The ECB has been moving slowly to remove support this year but record high inflation and surging longer-term price expectations have prompted a growing number of policymakers to advocate a quicker end to nearly a decade-long experiment with unconventional support.
In a first step, the ECB should end bond purchases at the end of June, then raise its minus 0.5% deposit rates in “the next few” policy meetings, Villeroy said, declining to specify his preferred lift-off date.
A host of policymakers have recently made the case for a move already in July, with little push-back from policy “doves,” suggesting that a summer rate hike is now the most likely option.

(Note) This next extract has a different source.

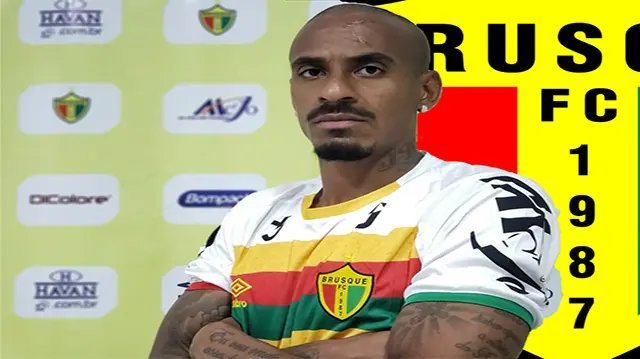 Brusque contrata volante Everton Dias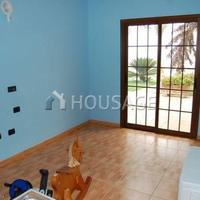 Villa in Spain, Canary Islands, Santa Cruz de Tenerife, 6220 sq.m.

“I would rather set a marker a bit further down the road: barring unforeseen new shocks, I would think it reasonable to have entered positive territory by the end of this year,” Villeroy, an influential voice on the ECB’s Governing Council, said in a speech.
With the deposit rate at -0.5%, getting back into positive territory would suggest at least three 25-basis-point rate hikes, including the ECB’s first increase since 2011, if the ECB followed the “gradual” approach advocated by Villeroy.
The bank should then gradually move its nominal interest rate towards the “neutral” level, which is between 1% and 2%, a full percentage below the U.S., Villeroy added.
High inflation, including a rise in longer-term inflation bets is the main reason for the rate rises as recent surveys suggest that expectations are “less and less” anchored around the ECB’s 2% target.
De-anchoring, in central bank jargon, is a worrisome phenomenon when price growth expectations rise as investors start doubting the central bank’s resolve to get inflation back to its target.
Rate hikes could also help the euro regain some strength against the dollar as currency weakness lifts imported inflation.
“The level of the euro matters significantly for imported inflation,” Villeroy said. “A euro that is too weak would go against our price stability objective.”
To help markets cope with the reduction of ECB support, Villeroy said the ECB could offer a new longer-term refinancing operation to banks.
Villeroy also suggested a new approach to tackling a potential surge in the spread between the yields of euro zone members.
It could agree to buy bonds for a limited time with the explicit commitment to sell them once the turbulence is over. Or it could absorb the liquidity injected through a liquidity off-setting operations, much like it did in its earlier Securities Markets Programme.